In the speech which he made to the council of ancients, on the 18th or 19th Brumaire, he exclaimed, Recollect that fortune and the god of war are with me.
“ I had worked up my passions,” said he the next day to his friends, “and I concluded with a bad phrase. The French are judges of propriety: I had no sooner pronounced the words, than a murmur made me feel them. But what could I do? I was spoiled on the road: they so often repeated those words to me all the way from Marseilles to Paris, that I could not get them out of my head.”

After the 18th, several officers of the navy, and chiefs of that department, were presented by citizen Bourdon to the executive commission, and were received by Bonaparte and Roger Ducos. The former said to them,
“The seamen are brave, and even experienced. The misfortunes they have met are only to be attributed to the bad management of the naval department; the captains have not sufficient means to cause their authority to be respected; too much lenity has encouraged insubordination in the crews. On land, undisciplined valour may sometimes be victorious; at sea, never (13).”

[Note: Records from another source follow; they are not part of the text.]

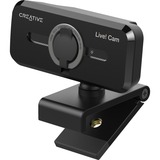 Creative Live! Cam Sync 1080p V2, Webcam Noir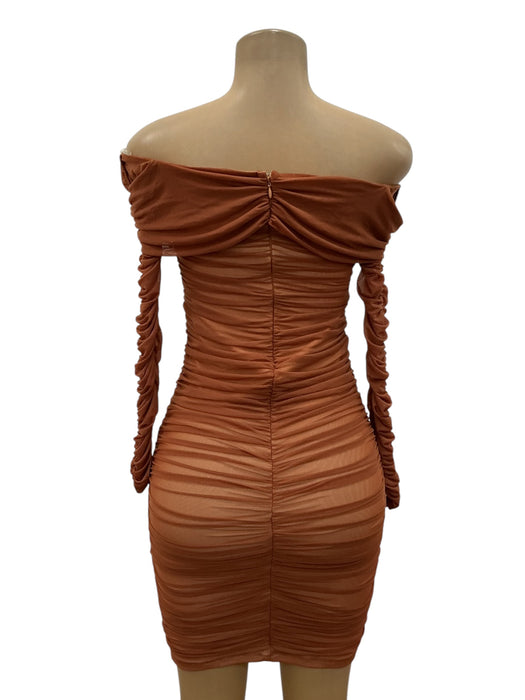 Vestido S (FASHION NOVA)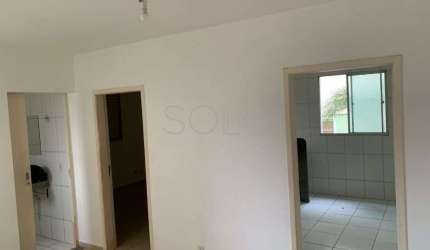Apartamento com 1 quarto para alugar no Jardim Califórnia, Araraquara , 47 m2 por R$ 1.100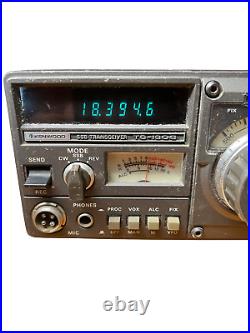 Kenwood TS-130S Transceiver Ham Radio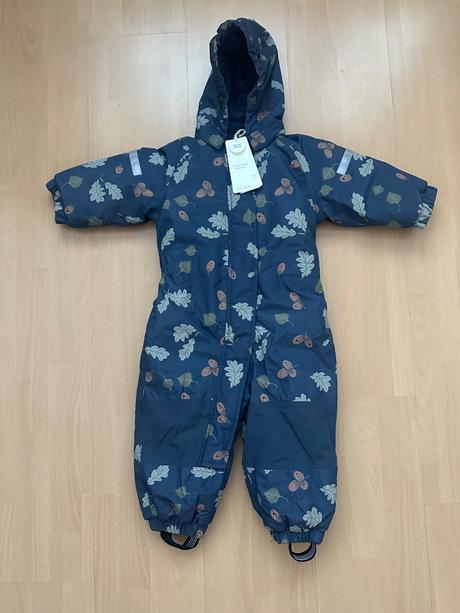 Novy zimny overal kombineza, lindex,80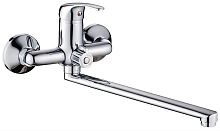 Смеситель для ванны GOTA ROCIO "Tеruel" G064710, шар. с изливом L-30см. перекл. душа 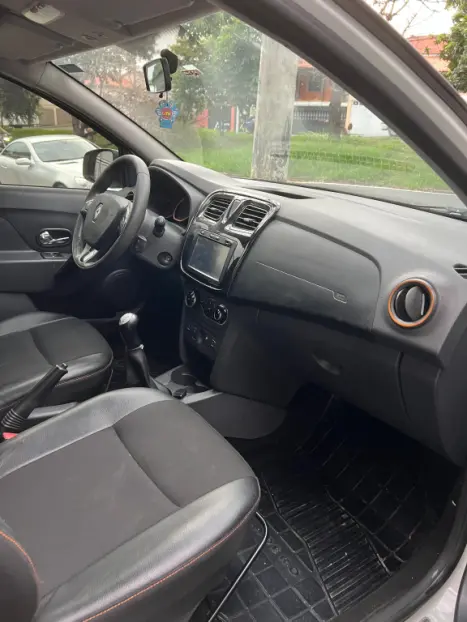 RENAULT Sandero 1.6 16V 4P FLEX STEPWAY, Foto 7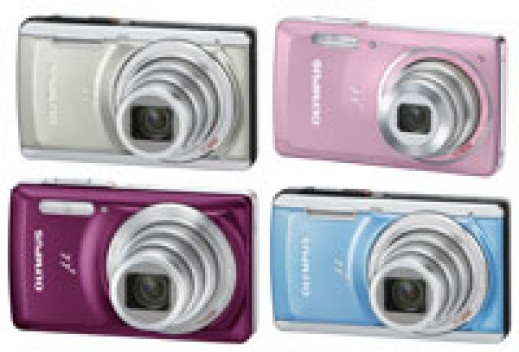 Olympus mju-5010, mju-7030, mju-7040 i mju-9010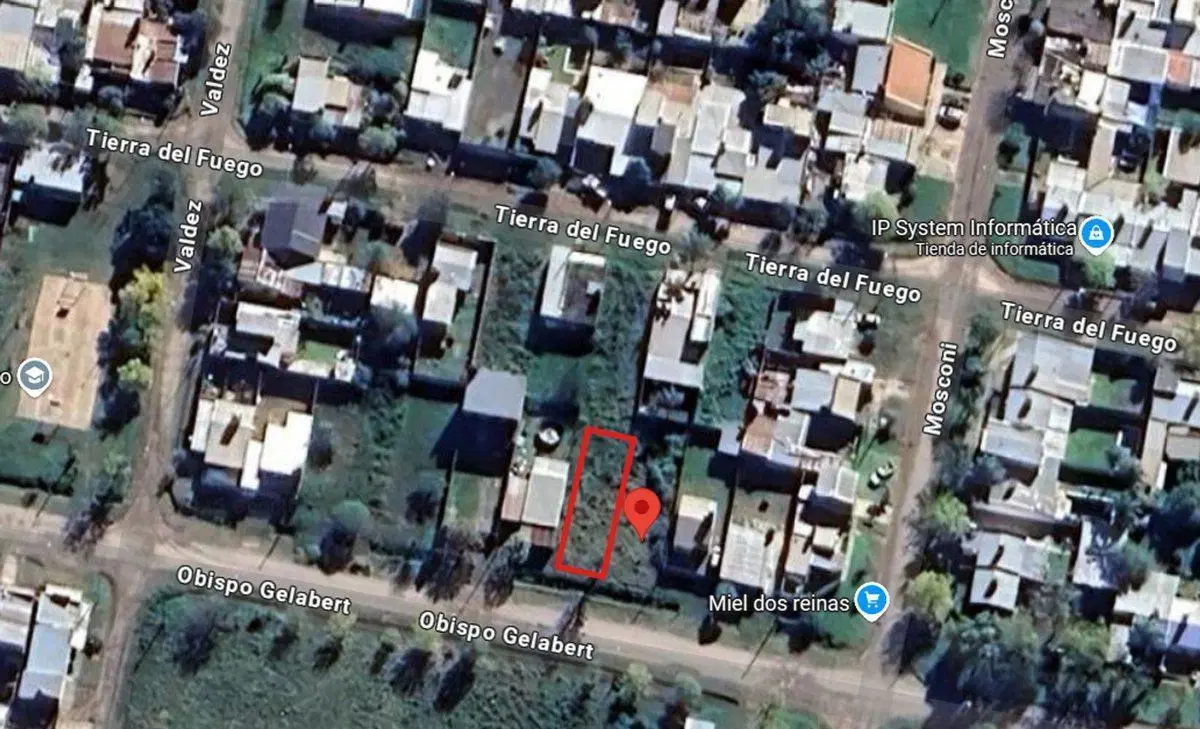 Terrenos en venta. Zona en crecimiento 4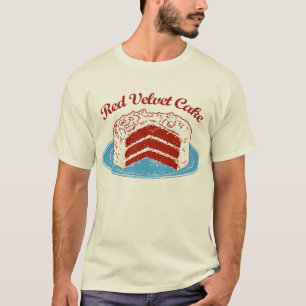 Red Velvet Cake T-shirt
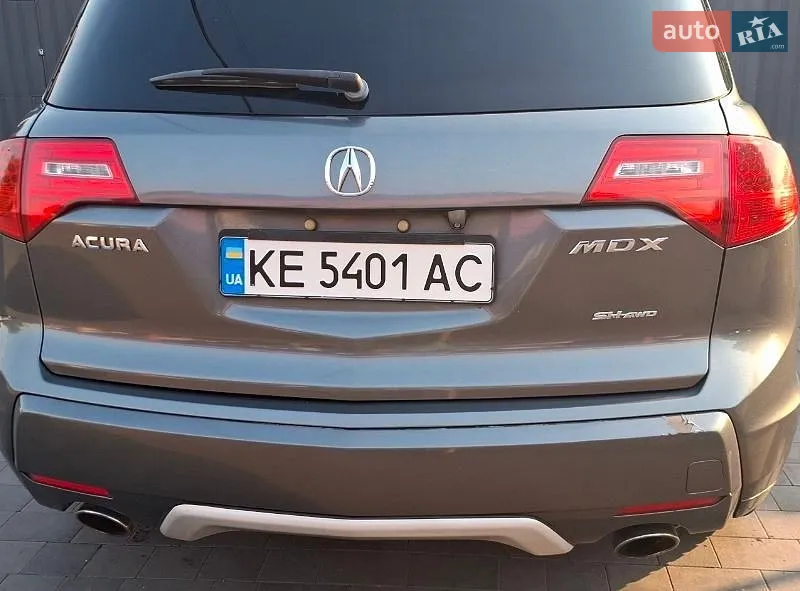 Acura MDX 2007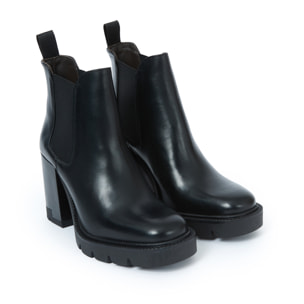 Chelsea Boot British Passport Nero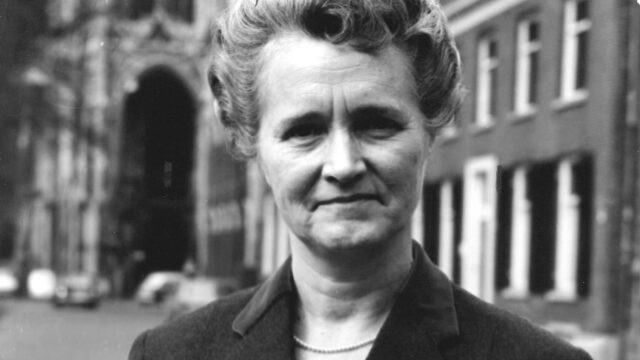Marga Klompé: van de eerste vrouwelijke minister tot de politici die haar opvolgden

A few days after the 18th Brumaire, the consuls were presented with a pattern of the new consular dress. It was composed of a coat, à la Française, of white velvet, embroidered with gold, buttoned down to the waist, light blue pantaloons, the sword-belt over the coat, and the sword hanging perpendicular on the side; red boots, and cap of the same colour. It was observed to Bonaparte, that a red cap would not become him: No more than red heels, replied he.


(1) 9th November

(2) Many persons have doubted this answer of Bonaparte; but it is certain, that it was repeated by all the newspapers on the 19th Brumaire.

(3) 19th November.

(4) Happy 19th of Brumaire! you at length dispersed that factious assembly, which could work nothing but evil, without the least prospect of administering a balm to the wounds which a long revolution had inflicted.

(5) Bonaparte answered the deputies who called him Caesar and Cromwell, in the following manner:
“It would be a sacrilegious idea to attempt to destroy a representative government in the age of knowledge and liberty. No one but a madman would attempt to ruin the success of the republic over all the royalty of Europe, after having supported it with so much glory and peril.”

(6) 5th September, 18th May, 17th June

(7) This reply of Bonaparte is one of the finest specimens of oratory that exists; and its being spoken ex tempore, increases its beauty and sublimity.

(8) This speech discovers an unbounded frankness and loyalty. It was presumed with reason, that the vanquisher of Italy, and the conqueror of Europe, would never abase himself, as Lebrun says, so far as to descend to the throne of kings. Bonaparte aspired to a different glory; that of delivering France from the troubles which had agitated her for nine years past, and to terminate a revolution, the consequences of which no one could foresee. Success crowned our hopes, as well as those of the French people. He has closed the temple of war, and planted the olive on the rubbish of our factions.

(9) 9th and 10th November

(10) 6th November

(11) 9th November

(12) The effect fully agrees with this declaration. Speak, unhappy men, transported to Synamari! – You who had lost every hope of revisiting your native country!

(13) A truth of which France has never completely felt the importance; but the time is come when all things will be properly arranged.